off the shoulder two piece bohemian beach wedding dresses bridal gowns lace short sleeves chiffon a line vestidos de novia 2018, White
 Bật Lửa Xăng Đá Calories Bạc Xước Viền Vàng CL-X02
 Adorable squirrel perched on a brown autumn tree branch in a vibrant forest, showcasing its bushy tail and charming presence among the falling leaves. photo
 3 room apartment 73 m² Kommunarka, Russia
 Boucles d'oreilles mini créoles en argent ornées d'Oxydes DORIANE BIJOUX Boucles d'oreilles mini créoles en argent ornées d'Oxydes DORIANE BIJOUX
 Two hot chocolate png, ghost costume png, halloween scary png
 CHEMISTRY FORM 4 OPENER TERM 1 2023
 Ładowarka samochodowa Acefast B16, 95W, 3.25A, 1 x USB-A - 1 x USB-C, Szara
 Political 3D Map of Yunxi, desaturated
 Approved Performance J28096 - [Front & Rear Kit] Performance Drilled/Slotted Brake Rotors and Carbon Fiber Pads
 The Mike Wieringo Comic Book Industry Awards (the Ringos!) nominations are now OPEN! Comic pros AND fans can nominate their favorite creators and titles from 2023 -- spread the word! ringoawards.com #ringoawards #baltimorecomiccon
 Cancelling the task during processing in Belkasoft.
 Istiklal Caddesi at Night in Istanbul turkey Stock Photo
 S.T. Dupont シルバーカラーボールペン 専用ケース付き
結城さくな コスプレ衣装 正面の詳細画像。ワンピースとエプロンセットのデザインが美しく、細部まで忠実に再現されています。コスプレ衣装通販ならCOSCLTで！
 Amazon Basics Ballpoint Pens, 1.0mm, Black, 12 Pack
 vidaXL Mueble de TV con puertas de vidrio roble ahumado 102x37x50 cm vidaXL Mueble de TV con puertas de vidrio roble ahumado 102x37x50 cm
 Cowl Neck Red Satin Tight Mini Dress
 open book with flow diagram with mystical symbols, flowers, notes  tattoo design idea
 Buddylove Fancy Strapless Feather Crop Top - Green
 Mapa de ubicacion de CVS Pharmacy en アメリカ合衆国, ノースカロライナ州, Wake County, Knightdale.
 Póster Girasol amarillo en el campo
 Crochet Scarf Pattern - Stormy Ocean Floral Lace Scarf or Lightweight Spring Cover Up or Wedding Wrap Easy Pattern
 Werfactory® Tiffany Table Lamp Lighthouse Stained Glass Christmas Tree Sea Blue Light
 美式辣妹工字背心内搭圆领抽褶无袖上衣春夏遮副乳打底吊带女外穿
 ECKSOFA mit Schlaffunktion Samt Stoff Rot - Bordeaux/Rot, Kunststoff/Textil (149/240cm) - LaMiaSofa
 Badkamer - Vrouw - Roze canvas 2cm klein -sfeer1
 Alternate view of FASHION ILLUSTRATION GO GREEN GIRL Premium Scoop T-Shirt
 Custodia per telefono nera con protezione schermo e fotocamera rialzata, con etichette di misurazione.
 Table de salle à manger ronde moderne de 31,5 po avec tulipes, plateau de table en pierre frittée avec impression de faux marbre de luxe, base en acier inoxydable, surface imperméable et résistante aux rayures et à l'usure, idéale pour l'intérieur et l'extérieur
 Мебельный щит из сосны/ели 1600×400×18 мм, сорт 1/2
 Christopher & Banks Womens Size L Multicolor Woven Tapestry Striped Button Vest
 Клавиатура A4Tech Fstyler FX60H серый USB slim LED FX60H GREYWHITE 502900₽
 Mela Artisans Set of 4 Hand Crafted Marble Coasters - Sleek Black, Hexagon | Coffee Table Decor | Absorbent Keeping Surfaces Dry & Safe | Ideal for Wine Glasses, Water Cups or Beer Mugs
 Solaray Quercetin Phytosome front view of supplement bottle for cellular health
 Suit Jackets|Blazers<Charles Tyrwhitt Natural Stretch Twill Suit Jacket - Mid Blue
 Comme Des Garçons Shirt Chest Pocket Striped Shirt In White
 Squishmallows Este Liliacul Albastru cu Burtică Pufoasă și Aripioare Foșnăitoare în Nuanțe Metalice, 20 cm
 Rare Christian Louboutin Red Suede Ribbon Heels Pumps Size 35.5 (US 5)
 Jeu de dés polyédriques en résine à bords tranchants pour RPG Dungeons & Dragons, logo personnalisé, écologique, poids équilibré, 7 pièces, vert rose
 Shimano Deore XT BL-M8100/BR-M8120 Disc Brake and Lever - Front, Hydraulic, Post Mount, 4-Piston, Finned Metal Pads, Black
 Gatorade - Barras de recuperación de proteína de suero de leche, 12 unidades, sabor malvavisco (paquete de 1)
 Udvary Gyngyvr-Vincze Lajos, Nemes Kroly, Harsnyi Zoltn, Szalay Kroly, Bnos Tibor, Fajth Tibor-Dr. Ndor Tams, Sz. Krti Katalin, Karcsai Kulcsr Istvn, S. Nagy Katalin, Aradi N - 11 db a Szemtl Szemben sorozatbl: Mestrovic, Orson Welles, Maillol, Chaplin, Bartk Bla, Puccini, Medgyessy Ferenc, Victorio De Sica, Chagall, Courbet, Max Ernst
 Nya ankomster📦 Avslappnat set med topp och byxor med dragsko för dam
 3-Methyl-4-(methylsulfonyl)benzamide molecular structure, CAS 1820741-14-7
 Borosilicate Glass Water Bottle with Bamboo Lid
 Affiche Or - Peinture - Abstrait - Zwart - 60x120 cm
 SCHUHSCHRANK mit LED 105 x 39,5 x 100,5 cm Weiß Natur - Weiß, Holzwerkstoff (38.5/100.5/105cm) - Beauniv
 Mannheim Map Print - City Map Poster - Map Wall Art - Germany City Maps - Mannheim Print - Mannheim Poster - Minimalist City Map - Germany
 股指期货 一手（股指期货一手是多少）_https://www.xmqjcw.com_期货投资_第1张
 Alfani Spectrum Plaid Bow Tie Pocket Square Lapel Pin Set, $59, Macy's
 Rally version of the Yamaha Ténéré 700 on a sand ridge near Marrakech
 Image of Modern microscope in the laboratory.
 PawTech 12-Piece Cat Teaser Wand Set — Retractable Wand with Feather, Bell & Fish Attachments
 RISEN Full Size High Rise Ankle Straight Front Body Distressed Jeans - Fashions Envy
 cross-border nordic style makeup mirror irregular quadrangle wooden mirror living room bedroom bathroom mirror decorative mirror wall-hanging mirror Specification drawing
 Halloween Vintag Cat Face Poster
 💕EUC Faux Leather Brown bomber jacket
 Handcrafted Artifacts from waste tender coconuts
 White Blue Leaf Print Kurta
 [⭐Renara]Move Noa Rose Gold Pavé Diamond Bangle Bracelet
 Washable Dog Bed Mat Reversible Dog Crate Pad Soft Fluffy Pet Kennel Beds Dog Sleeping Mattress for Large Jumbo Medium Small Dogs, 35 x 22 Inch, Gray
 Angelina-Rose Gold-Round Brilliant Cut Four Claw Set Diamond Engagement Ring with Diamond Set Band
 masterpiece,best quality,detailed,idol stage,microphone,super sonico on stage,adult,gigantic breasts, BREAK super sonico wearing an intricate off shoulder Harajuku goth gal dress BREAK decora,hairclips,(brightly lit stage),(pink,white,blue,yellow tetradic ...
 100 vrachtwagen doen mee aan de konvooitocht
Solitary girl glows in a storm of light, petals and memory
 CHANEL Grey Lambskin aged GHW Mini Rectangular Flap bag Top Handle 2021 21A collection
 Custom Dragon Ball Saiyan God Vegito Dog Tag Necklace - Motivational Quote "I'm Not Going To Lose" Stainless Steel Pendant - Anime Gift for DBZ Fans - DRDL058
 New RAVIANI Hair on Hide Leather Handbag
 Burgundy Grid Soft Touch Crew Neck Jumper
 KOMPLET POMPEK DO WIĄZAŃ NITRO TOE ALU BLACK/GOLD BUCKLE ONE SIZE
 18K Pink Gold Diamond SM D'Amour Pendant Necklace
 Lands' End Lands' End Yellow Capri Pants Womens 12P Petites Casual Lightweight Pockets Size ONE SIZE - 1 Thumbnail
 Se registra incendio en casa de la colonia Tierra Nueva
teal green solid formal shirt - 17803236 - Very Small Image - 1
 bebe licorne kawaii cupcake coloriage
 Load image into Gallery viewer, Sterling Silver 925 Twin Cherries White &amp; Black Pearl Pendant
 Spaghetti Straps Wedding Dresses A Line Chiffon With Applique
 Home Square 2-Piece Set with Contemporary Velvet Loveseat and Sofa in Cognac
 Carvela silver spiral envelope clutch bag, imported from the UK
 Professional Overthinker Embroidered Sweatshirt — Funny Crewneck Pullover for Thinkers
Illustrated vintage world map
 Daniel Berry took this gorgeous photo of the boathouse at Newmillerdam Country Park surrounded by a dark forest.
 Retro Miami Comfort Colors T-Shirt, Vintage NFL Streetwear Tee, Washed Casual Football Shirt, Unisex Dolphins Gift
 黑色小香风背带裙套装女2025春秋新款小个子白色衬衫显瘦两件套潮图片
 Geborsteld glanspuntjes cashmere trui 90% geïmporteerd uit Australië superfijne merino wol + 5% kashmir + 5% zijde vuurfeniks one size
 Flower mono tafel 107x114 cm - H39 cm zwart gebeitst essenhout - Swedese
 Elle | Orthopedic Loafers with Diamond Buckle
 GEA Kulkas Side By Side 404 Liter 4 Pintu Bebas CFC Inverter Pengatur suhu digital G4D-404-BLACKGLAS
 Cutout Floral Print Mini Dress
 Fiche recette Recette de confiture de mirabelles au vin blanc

-- -- --

- _ASSIGNMENT_:
Nothing but a number is wanted: report how many lines in the entries above contain the string "Necklace".

- _SOLUTION TO THIS TASK_:
2